START Supplied material

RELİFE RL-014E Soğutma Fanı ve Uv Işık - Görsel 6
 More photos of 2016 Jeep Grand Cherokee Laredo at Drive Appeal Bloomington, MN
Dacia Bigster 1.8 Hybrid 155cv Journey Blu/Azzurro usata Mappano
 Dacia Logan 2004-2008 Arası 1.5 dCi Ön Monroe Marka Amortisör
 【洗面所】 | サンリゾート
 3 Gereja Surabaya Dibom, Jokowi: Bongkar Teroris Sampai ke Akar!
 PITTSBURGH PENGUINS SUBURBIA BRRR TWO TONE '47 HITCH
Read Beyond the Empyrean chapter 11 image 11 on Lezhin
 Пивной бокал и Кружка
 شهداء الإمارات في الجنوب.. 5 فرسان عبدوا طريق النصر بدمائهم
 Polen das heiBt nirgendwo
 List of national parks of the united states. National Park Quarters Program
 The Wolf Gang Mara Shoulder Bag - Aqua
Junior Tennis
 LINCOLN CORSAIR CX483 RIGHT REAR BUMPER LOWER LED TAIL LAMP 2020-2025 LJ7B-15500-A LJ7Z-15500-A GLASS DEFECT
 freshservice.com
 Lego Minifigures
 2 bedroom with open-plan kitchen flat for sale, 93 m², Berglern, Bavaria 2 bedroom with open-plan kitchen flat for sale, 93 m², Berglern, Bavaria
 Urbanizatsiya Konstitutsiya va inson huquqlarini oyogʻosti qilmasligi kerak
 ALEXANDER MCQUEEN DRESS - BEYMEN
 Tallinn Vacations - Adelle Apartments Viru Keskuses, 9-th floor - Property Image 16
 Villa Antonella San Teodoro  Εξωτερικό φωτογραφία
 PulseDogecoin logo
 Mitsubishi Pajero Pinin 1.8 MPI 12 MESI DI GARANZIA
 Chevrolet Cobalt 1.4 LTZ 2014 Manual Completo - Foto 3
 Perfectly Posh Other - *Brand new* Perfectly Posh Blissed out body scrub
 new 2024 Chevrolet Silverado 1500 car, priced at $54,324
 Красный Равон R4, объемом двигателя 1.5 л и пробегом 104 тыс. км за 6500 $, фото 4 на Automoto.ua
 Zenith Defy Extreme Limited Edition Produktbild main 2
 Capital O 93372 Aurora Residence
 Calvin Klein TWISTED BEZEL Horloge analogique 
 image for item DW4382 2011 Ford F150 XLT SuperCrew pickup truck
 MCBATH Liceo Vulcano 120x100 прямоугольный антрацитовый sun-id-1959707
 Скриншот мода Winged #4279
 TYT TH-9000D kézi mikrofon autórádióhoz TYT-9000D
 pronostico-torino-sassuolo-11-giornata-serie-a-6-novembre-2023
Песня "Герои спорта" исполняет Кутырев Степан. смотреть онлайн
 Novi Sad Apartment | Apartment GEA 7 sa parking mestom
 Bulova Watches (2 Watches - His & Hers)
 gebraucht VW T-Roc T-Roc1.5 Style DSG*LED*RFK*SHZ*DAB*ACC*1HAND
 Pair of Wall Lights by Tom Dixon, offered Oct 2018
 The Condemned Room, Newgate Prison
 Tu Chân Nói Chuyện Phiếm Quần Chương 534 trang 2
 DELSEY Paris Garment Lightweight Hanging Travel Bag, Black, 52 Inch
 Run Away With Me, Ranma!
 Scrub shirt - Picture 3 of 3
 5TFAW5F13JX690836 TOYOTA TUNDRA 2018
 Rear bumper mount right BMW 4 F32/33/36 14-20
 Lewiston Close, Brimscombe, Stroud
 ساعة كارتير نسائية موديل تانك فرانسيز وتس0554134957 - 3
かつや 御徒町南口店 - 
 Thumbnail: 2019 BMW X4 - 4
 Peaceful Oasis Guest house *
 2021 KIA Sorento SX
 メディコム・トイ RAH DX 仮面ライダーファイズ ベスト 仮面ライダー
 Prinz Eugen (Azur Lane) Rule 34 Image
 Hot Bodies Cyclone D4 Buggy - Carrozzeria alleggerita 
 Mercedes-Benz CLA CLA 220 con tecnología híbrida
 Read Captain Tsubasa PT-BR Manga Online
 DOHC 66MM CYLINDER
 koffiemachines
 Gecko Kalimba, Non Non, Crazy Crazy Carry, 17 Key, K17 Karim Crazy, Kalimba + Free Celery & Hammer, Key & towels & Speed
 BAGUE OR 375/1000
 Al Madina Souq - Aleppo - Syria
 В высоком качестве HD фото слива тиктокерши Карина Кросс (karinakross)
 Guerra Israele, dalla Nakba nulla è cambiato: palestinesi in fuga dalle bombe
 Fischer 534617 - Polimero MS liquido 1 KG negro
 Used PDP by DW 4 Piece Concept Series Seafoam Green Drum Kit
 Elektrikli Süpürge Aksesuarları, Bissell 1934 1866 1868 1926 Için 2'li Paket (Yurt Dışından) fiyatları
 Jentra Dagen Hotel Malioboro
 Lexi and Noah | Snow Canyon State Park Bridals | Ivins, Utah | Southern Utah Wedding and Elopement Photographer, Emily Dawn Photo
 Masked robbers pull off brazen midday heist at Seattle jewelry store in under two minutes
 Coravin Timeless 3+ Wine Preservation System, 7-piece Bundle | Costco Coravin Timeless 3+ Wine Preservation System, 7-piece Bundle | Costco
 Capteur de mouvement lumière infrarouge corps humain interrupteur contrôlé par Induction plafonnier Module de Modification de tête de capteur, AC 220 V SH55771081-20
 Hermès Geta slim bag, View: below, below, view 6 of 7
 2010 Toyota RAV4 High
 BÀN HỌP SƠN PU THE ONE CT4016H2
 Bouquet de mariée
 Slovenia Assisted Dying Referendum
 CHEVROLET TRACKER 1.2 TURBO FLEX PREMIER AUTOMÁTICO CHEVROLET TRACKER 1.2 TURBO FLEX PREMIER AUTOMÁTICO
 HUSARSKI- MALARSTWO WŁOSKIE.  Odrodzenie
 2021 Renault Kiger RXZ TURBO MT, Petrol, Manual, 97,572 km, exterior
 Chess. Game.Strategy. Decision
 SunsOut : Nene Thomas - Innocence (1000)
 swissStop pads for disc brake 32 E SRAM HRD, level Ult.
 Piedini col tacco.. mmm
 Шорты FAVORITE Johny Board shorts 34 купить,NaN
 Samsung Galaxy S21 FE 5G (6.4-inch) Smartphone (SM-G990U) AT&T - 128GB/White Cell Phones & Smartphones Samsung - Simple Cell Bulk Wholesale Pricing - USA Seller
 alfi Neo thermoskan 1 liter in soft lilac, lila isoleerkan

END Supplied material

◆ Exercise brief
The output should be exactly the lines above from the line containing "Zenith Defy Extreme" to the line containing "メディコム・トイ RAH DX 仮面ライダーファイズ ベスト 仮面ライダー", inclusive, with no other lines.

◆ Expected answer
 Zenith Defy Extreme Limited Edition Produktbild main 2
 Capital O 93372 Aurora Residence
 Calvin Klein TWISTED BEZEL Horloge analogique 
 image for item DW4382 2011 Ford F150 XLT SuperCrew pickup truck
 MCBATH Liceo Vulcano 120x100 прямоугольный антрацитовый sun-id-1959707
 Скриншот мода Winged #4279
 TYT TH-9000D kézi mikrofon autórádióhoz TYT-9000D
 pronostico-torino-sassuolo-11-giornata-serie-a-6-novembre-2023
Песня "Герои спорта" исполняет Кутырев Степан. смотреть онлайн
 Novi Sad Apartment | Apartment GEA 7 sa parking mestom
 Bulova Watches (2 Watches - His & Hers)
 gebraucht VW T-Roc T-Roc1.5 Style DSG*LED*RFK*SHZ*DAB*ACC*1HAND
 Pair of Wall Lights by Tom Dixon, offered Oct 2018
 The Condemned Room, Newgate Prison
 Tu Chân Nói Chuyện Phiếm Quần Chương 534 trang 2
 DELSEY Paris Garment Lightweight Hanging Travel Bag, Black, 52 Inch
 Run Away With Me, Ranma!
 Scrub shirt - Picture 3 of 3
 5TFAW5F13JX690836 TOYOTA TUNDRA 2018
 Rear bumper mount right BMW 4 F32/33/36 14-20
 Lewiston Close, Brimscombe, Stroud
 ساعة كارتير نسائية موديل تانك فرانسيز وتس0554134957 - 3
かつや 御徒町南口店 - 
 Thumbnail: 2019 BMW X4 - 4
 Peaceful Oasis Guest house *
 2021 KIA Sorento SX
 メディコム・トイ RAH DX 仮面ライダーファイズ ベスト 仮面ライダー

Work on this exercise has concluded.